5. Il ressort des pièces du dossier que M. C est le père d'une enfant née le 28 juillet 2012 et scolarisée au Congo où elle réside avec sa mère. Il ressort également des pièces du dossier que ses parents et sa fratrie résident au Congo. Dès lors que le centre des intérêts personnels et familiaux se trouvent au Congo, les décisions en litige ne sont ni entachées d'erreur de fait, ni contraire aux stipulations de l'article 3-1 de la convention internationale relative aux droits de l'enfant.

6. Il résulte de ce qui précède que la requête de M. C doit être rejetée, y compris les conclusions aux fins d'injonction et les conclusions présentées sur le fondement de l'article L. 761-1 du code de justice administrative ;

D E C I D E :

Article 1er : La requête de M. C est rejetée.

Article 2 : Le présent jugement sera notifié à M. B E et au préfet de l'Essonne.

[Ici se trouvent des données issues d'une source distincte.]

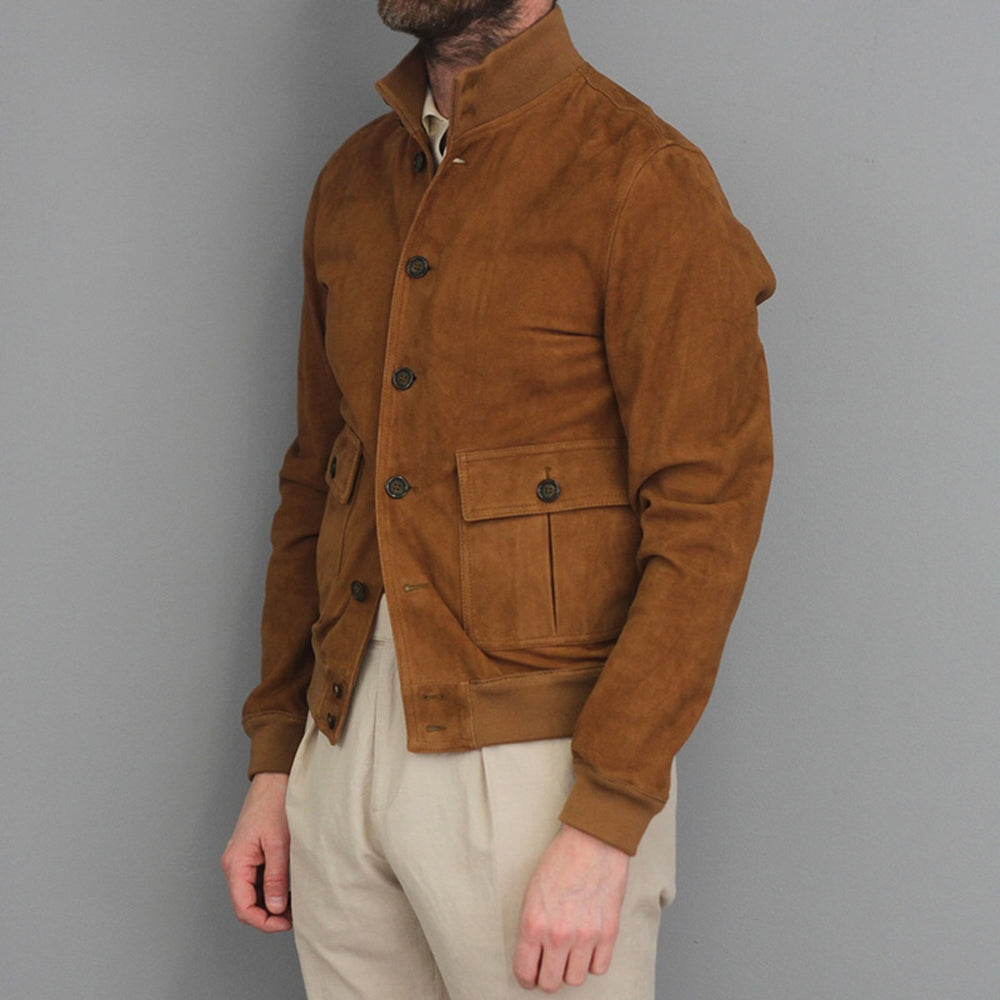 Men's Fashion Slim Fit Solid Color Stand Collar Jacket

Délibéré après l'audience du 20 juin 2023, à laquelle siégeaient :

M. Delage, président,

Mme Winkopp-Toch, première conseillère,

M. Thivolle, conseiller,

Rendu public par mise à disposition au greffe le 4 juillet 2023.

La rapporteure,

Signé

A. Winkopp-Toch

Le président,

Signé

Ph. DelageLa greffière,

Signé

V. Retby

La République mande et ordonne au préfet de l'Essonne en ce qui le concerne ou à tous commissaires de justice à ce requis en ce qui concerne les voies de droit commun contre les parties privées, de pourvoir à l'exécution de la présente décision.